Considérant qu'il résulte de l'instruction, et notamment des conclusions des experts désignés par le tribunal que l'ouvrage construit pour le compte de l'ETABLISSEMENT PUBLIC EDUCATIF ET SOCIAL (E.T.A.P.E.S.) a présenté après la réception des travaux des désordres liés notamment à des phénomènes de condensation et d'humidité ; que ces désordres, qui ont été suffisamment importants pour entraîner en 1997, sur injonction de la commission de sécurité compétente, la fermeture de l'établissement, sont imputables au choix du procédé d'isolation de la toiture et à des défauts ou insuffisances des travaux exécutés par les entreprises Reconneille, Bonglet, Nouveau, E.J.E., Cafraco et Puget ; que ces désordres mettent ainsi en cause la responsabilité décennale des entreprises citées et de l'équipe de maîtrise d'oeuvre, constituée de M. Y..., architecte et de la société A.J.C., économiste de la construction, et de la société Betic, cette dernière à raison notamment de l'insuffisance de surveillance des travaux ; que l'expert du tribunal a conclu, pour les seuls travaux de réfection, à un coût de 2 116 030,16 F T.T.C. ;
Considérant qu'il résulte de ce qui précède que l'ETABLISSEMENT PUBLIC EDUCATIF ET SOCIAL (E.T.A.P.E.S.), dont la demande entrait bien dans les prévisions de l'article R.129 précité du code des tribunaux administratifs et des cours administratives d'appel, et qui a bien précisé le fondement de sa demande, justifie que les constructeurs précités ont à son égard une obligation solidaire, qu'il y a lieu, dans les circonstances de l'affaire, de regarder comme non sérieusement contestable dans la limite de 1 000 000 F ; que l'établissement est par suite fondé à soutenir que c'est à tort que le vice-président du tribunal administratif de Besançon, par l'ordonnance attaquée, a rejeté sa demande ; qu'il y a lieu d'annuler cette ordonnance, et de condamner solidairement M. Y..., la société A.J.C., la société Betic, et les entreprises Reconneille, Bonglet, Nouveau, E.J.E., Cafraco et Puget à lui payer une somme de 1 000 000 F à titre de provision ; qu'en revanche, en l'état de l'instruction, l'existence d'une obligation non sérieusement contestable de Socotec, et des entreprises Valcher, Soletco et Mollier Douvre n'apparaît pas établie ;
Sur l'application des dispositions de l'article L.8-1 du code des tribunaux administratifs et des cours administratives d'appel :
Considérant que ces dispositions font obstacle à ce que l'ETABLISSEMENT PUBLIC EDUCATIF ET SOCIAL (E.T.A.P.E.S.), qui n'est pas la partie perdante à l'instance, soit condamné sur leur fondement à indemniser les sociétés Betic, Mollier Douvre, A.J.C. et Bonglet et M. Y... ; qu'il y a lieu, en revanche, dans les circonstances de l'affaire, de condamner solidairement M. Y..., la société A.J.C., la société Betic, et les entreprises Reconneille, Bonglet, Nouveau, E.J.E., Cafraco et Puget à payer à l'établissement requérant une somme de 8 000 F en application de ces dispositions ;
Article 1er : L'ordonnance du 2 avril 1998 du vice-président du tribunal administratif de Besançon est annulée.
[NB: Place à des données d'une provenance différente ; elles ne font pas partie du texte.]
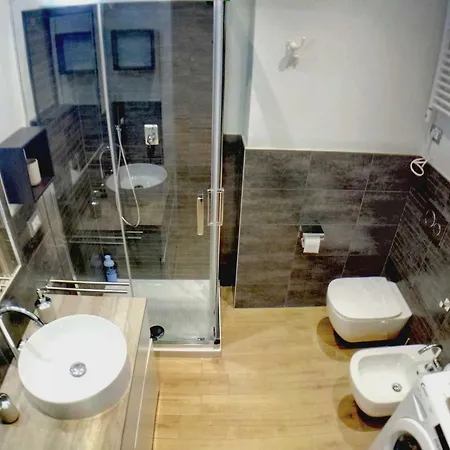 Apartment Vinhome Bilocale Con Garage Privato Centro
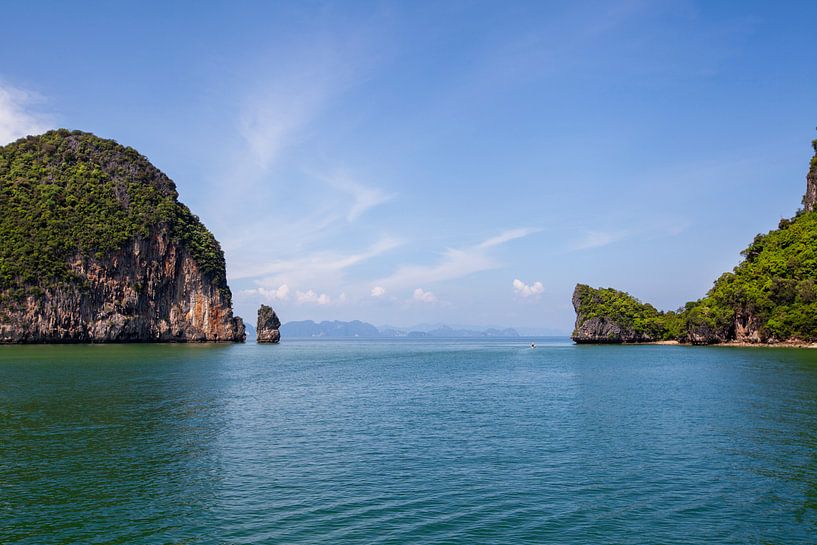 Île tropicale rocheuse dans une mer bleue dans la baie de Pang Nga, Thaïlande par Tjeerd Kruse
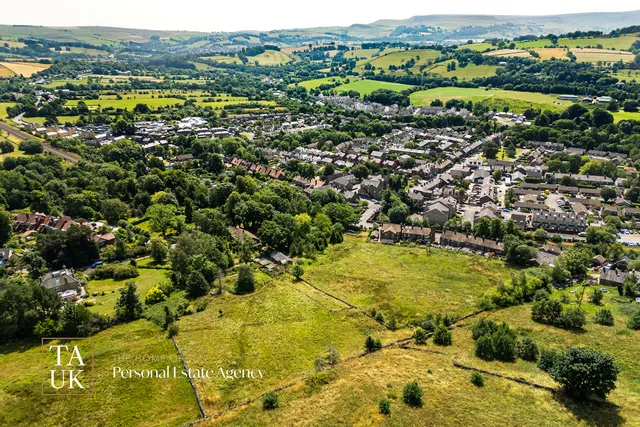 Heatherlea Maynestone Road, High Peak SK23 6AF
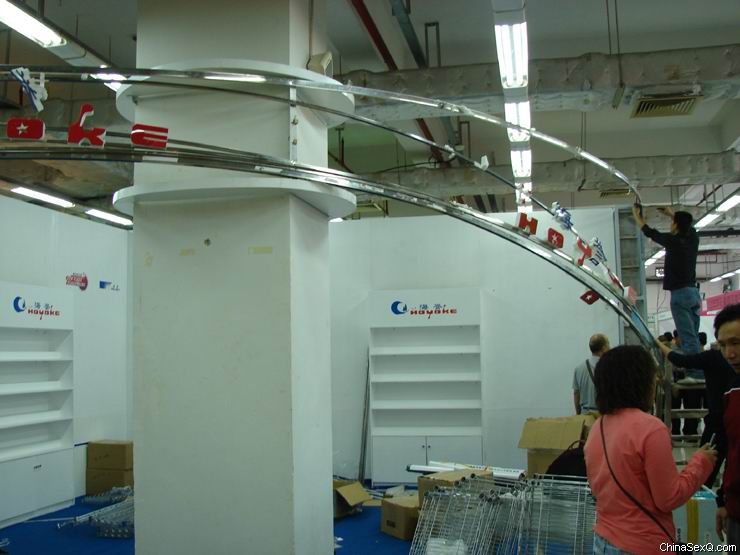 下午有的展位开始撤展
Article 2 : M. Y..., la société A.J.C., la société Betic et les entreprises Reconneille, Bonglet, Nouveau, EJE, Cafraco et Puget sont condamnés solidairement à payer à l'ETABLISSEMENT PUBLIC EDUCATIF ET SOCIAL (E.T.A.P.E.S.) une provision de 1 000 000 F.
Article 3 : M. Y..., la société A.J.C., la société Betic et les entreprises Reconneille, Bonglet, Nouveau, EJE, Cafraco et Puget sont condamnés solidairement à payer à l'ETABLISSEMENT PUBLIC EDUCATIF ET SOCIAL (E.T.A.P.E.S.) une somme de 8 000 F en application des dispositions de l'article L.8-1 du code des tribunaux administratifs et des cours administratives d'appel.
Article 4 : Le surplus des conclusions de la requête et les conclusions présentées par les sociétés Betic, Mollier Douvre, A.J.C. et Bonglet, et M. Y... sur le fondement des dispositions de l'article L.8-1 du code des tribunaux administratifs et des cours administratives d'appel sont rejetés.
Article 5 : Le présent arrêt sera notifié à l'ETABLISSEMENT PUBLIC EDUCATIF ET SOCIAL (E.T.A.P.E.S.), à M. Y..., à la S.A. Betic, à la société A.J.C., à la S.A. Socotec, à la société Sotelco, à la S.A. Cafraco, à la S.A. Puget, à la S.A. Bonglet, à la S.A. Nouveau, à la SARL Mollier Douvre et au ministre de l'intérieur.